El padre Samamé, de la orden dominica, en treinta
años que tuvo de conventual no predicó más
que una vez; pero esa bastó para su fama. De lo bendito
poquito.
Lo que voy a contar pasó en la tierra donde el diablo se
hizo cigarrero, y no le fue del todo mal en el oficio.
Huacho era, en el siglo anterior, un villorrio de pescadores y
labriegos, gente de letras gordas o de poca sindéresis,
pero vivísima para vender gato por liebre. Ellos, por arte
de birlibirloque o con ayuda de los polvos de pirlimpimpim, que
no sabemos se vendan en la botica, transformaban un róbalo
en corvina y aprovechaban la cáscara de la naranja para
hacer naranjas hechizas.
Los huachanos de ahora no sirven, en punto a habilidad e
industria, ni para descalzar a sus abuelos. Decididamente las
razas degeneran.
A los huachanos de hoy no les atañe ni les llega a la
pestaña mi cuento.

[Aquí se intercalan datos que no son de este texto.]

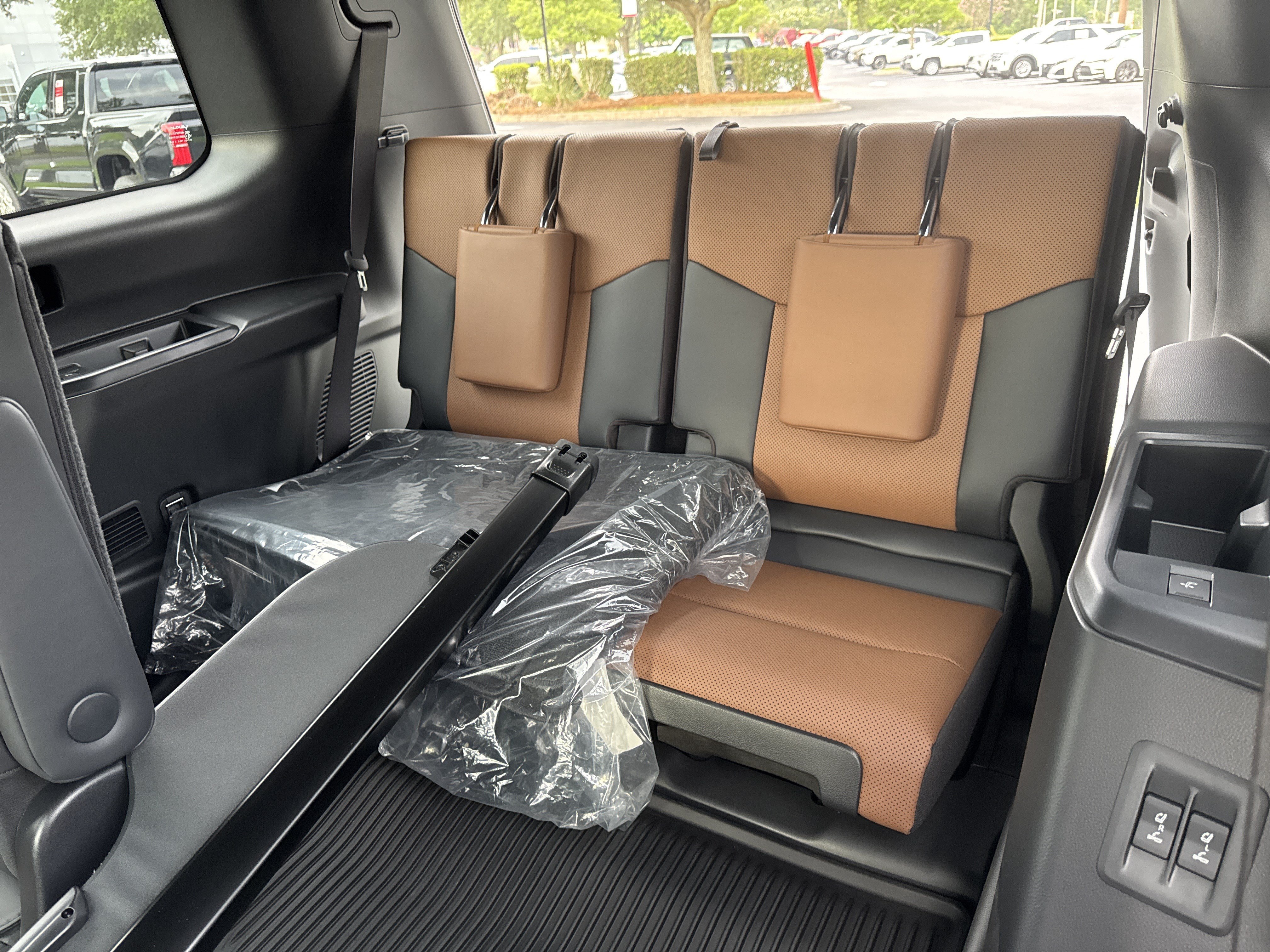 Used 2026 Lexus GX 550 w/ Accessory Package (2T) AWD/4WD image 27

Hablo de gente del otro siglo y que ya
está criando malvas con el cogote. Y hago esta salvedad
para que no brinque alguno y me arme proceso, que de esas cosas
se han visto, y ya estoy escamado de humanas susceptibilidades y
tonterías.
Aconteció por entonces que aproximándose la semana
santa, el cura del lugar hallábase imposibilitado para
predicar el sermón de tres horas por causa de un
pícaro reumatismo. En tal conflicto, escribió a un
amigo de Lima, encargándole que le buscase para el Viernes
Santo un predicador que tuviese siquiera dos bes, es decir, bueno
y barato.
El amigo anduvo hecho un trotaconventos sin encontrar fraile que
se decidiera a hacer por poca plata viaje de cincuenta leguas
entre ida y regreso.
Perdida ya toda esperanza, dirigiose el comisionado al padre
Samamé, cuya vida era tan licenciosa, que casi siempre
estaba preso en la cárcel del convento y suspenso en el
ejercicio de sus funciones sacerdotales. El padre Samamé
tenía fama de molondro y, no embargante ser de la orden de
predicadores, jamás había subido al púlpito.

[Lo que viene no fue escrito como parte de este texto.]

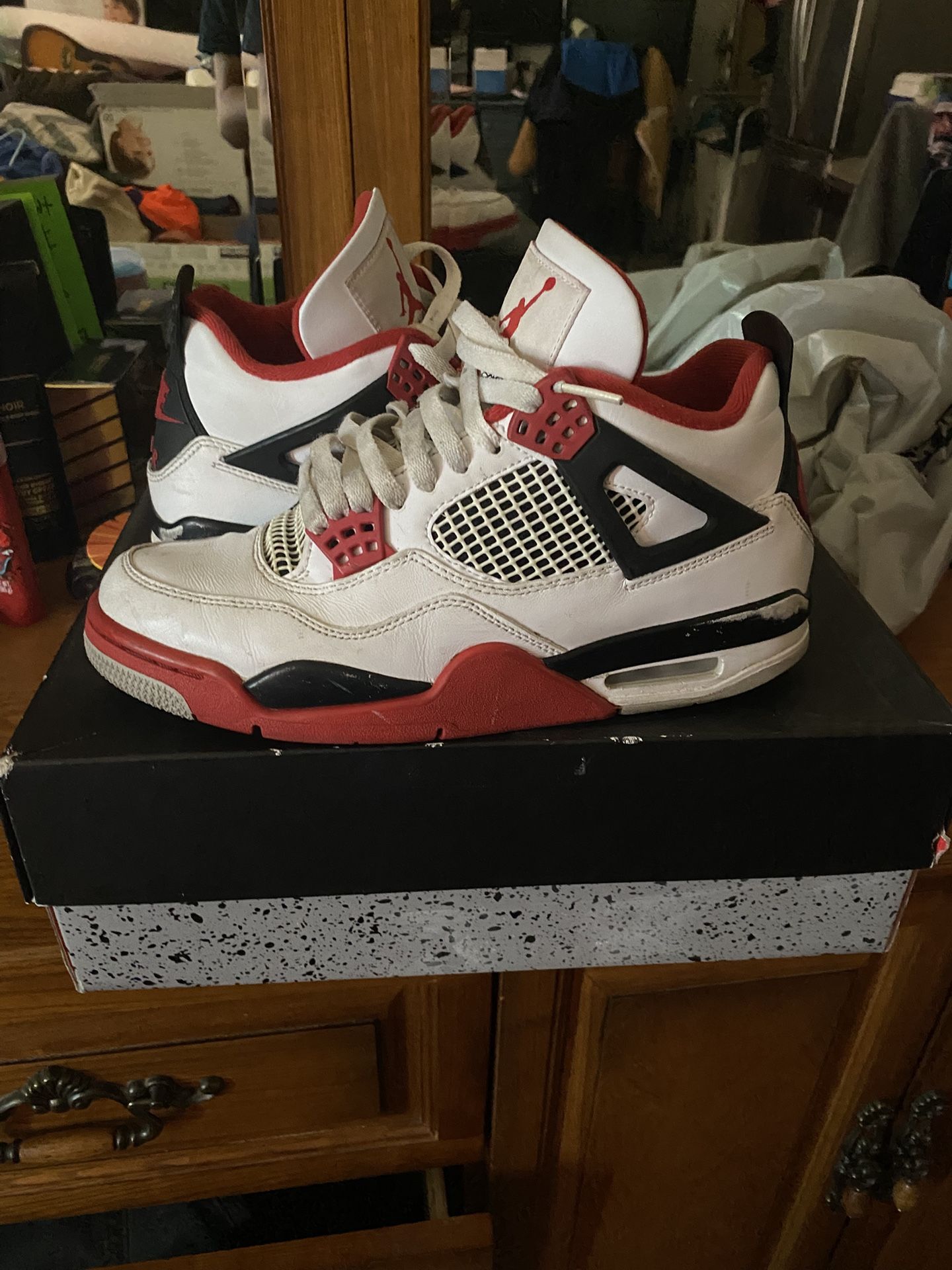 Jordan 4s Fire Reds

Pero si no entendía jota de lugares teológicos ni
de oratoria sagrada, era en cambio eximio catador de licores, y
váyase lo uno por lo otro.
Abocose con él el comisionado, lo contrató entre
copa y copa, y sin darle tiempo para retractarse lo hizo
cabalgar, y sirviéndole él mismo de guía y
acompañante salieron ambos caminito de Chancay.
Llegados a Huacho, alborotose el vecindario con la noticia de que
iba a haber sermón de tres horas y predicado por un fraile
de muchas campanillas y traído al propósito de
Lima. Así es que el Viernes Santo no quedó en
Laurima, Huara y demás pueblos de cinco leguas a la
redonda bicho viviente que no se trasladara a Huacho para
oír a aquel pico de oro de la comunidad dominica.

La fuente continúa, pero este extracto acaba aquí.